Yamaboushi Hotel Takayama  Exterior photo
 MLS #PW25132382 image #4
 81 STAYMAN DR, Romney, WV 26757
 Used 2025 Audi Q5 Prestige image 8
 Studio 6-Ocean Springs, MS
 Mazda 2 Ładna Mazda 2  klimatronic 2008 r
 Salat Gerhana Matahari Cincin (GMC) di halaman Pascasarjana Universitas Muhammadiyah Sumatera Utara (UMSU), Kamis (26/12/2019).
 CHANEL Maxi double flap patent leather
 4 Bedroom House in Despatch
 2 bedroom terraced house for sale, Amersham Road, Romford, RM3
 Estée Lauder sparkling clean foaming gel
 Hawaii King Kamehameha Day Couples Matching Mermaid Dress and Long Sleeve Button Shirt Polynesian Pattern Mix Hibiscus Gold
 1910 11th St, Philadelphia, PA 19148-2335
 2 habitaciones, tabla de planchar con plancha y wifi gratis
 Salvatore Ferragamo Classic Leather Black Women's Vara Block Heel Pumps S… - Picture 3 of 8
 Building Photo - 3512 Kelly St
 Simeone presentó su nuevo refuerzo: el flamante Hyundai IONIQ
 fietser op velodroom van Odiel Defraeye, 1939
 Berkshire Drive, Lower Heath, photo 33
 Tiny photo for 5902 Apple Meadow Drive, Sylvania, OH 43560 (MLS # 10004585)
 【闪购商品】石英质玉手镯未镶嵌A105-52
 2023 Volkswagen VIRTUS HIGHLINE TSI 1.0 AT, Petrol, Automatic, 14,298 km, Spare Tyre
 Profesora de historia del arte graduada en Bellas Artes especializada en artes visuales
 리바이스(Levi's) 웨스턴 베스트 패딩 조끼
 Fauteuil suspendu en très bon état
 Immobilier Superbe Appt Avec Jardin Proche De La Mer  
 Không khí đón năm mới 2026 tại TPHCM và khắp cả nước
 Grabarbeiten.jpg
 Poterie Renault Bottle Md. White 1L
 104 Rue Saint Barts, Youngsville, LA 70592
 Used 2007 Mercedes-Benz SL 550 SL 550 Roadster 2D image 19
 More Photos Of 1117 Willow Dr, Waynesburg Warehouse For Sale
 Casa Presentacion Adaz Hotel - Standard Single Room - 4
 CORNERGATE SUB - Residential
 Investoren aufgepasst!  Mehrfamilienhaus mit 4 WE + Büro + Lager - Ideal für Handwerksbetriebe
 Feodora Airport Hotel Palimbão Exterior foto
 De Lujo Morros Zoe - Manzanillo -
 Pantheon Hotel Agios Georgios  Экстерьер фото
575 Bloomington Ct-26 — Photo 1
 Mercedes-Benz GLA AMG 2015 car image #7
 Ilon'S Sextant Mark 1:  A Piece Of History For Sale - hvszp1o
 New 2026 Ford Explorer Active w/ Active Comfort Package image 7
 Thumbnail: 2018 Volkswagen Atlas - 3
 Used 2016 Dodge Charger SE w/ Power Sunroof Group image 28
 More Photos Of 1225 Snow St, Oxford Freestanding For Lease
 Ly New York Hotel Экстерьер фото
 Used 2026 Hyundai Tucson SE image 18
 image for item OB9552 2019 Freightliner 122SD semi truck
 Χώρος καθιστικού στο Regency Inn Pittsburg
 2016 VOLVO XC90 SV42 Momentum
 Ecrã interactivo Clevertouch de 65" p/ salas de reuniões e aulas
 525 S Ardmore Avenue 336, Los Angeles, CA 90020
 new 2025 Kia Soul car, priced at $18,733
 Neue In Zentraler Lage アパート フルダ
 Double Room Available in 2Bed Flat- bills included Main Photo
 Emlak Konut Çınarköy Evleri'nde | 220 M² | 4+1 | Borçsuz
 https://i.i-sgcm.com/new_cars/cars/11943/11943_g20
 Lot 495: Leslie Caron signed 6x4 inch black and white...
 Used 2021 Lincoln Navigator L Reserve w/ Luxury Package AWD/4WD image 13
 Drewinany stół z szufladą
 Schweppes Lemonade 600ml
============================================================
**Task statement**
Transcribe the data in full, matching every line exactly.

**Response below**
Yamaboushi Hotel Takayama  Exterior photo
 MLS #PW25132382 image #4
 81 STAYMAN DR, Romney, WV 26757
 Used 2025 Audi Q5 Prestige image 8
 Studio 6-Ocean Springs, MS
 Mazda 2 Ładna Mazda 2  klimatronic 2008 r
 Salat Gerhana Matahari Cincin (GMC) di halaman Pascasarjana Universitas Muhammadiyah Sumatera Utara (UMSU), Kamis (26/12/2019).
 CHANEL Maxi double flap patent leather
 4 Bedroom House in Despatch
 2 bedroom terraced house for sale, Amersham Road, Romford, RM3
 Estée Lauder sparkling clean foaming gel
 Hawaii King Kamehameha Day Couples Matching Mermaid Dress and Long Sleeve Button Shirt Polynesian Pattern Mix Hibiscus Gold
 1910 11th St, Philadelphia, PA 19148-2335
 2 habitaciones, tabla de planchar con plancha y wifi gratis
 Salvatore Ferragamo Classic Leather Black Women's Vara Block Heel Pumps S… - Picture 3 of 8
 Building Photo - 3512 Kelly St
 Simeone presentó su nuevo refuerzo: el flamante Hyundai IONIQ
 fietser op velodroom van Odiel Defraeye, 1939
 Berkshire Drive, Lower Heath, photo 33
 Tiny photo for 5902 Apple Meadow Drive, Sylvania, OH 43560 (MLS # 10004585)
 【闪购商品】石英质玉手镯未镶嵌A105-52
 2023 Volkswagen VIRTUS HIGHLINE TSI 1.0 AT, Petrol, Automatic, 14,298 km, Spare Tyre
 Profesora de historia del arte graduada en Bellas Artes especializada en artes visuales
 리바이스(Levi's) 웨스턴 베스트 패딩 조끼
 Fauteuil suspendu en très bon état
 Immobilier Superbe Appt Avec Jardin Proche De La Mer  
 Không khí đón năm mới 2026 tại TPHCM và khắp cả nước
 Grabarbeiten.jpg
 Poterie Renault Bottle Md. White 1L
 104 Rue Saint Barts, Youngsville, LA 70592
 Used 2007 Mercedes-Benz SL 550 SL 550 Roadster 2D image 19
 More Photos Of 1117 Willow Dr, Waynesburg Warehouse For Sale
 Casa Presentacion Adaz Hotel - Standard Single Room - 4
 CORNERGATE SUB - Residential
 Investoren aufgepasst!  Mehrfamilienhaus mit 4 WE + Büro + Lager - Ideal für Handwerksbetriebe
 Feodora Airport Hotel Palimbão Exterior foto
 De Lujo Morros Zoe - Manzanillo -
 Pantheon Hotel Agios Georgios  Экстерьер фото
575 Bloomington Ct-26 — Photo 1
 Mercedes-Benz GLA AMG 2015 car image #7
 Ilon'S Sextant Mark 1:  A Piece Of History For Sale - hvszp1o
 New 2026 Ford Explorer Active w/ Active Comfort Package image 7
 Thumbnail: 2018 Volkswagen Atlas - 3
 Used 2016 Dodge Charger SE w/ Power Sunroof Group image 28
 More Photos Of 1225 Snow St, Oxford Freestanding For Lease
 Ly New York Hotel Экстерьер фото
 Used 2026 Hyundai Tucson SE image 18
 image for item OB9552 2019 Freightliner 122SD semi truck
 Χώρος καθιστικού στο Regency Inn Pittsburg
 2016 VOLVO XC90 SV42 Momentum
 Ecrã interactivo Clevertouch de 65" p/ salas de reuniões e aulas
 525 S Ardmore Avenue 336, Los Angeles, CA 90020
 new 2025 Kia Soul car, priced at $18,733
 Neue In Zentraler Lage アパート フルダ
 Double Room Available in 2Bed Flat- bills included Main Photo
 Emlak Konut Çınarköy Evleri'nde | 220 M² | 4+1 | Borçsuz
 https://i.i-sgcm.com/new_cars/cars/11943/11943_g20
 Lot 495: Leslie Caron signed 6x4 inch black and white...
 Used 2021 Lincoln Navigator L Reserve w/ Luxury Package AWD/4WD image 13
 Drewinany stół z szufladą
 Schweppes Lemonade 600ml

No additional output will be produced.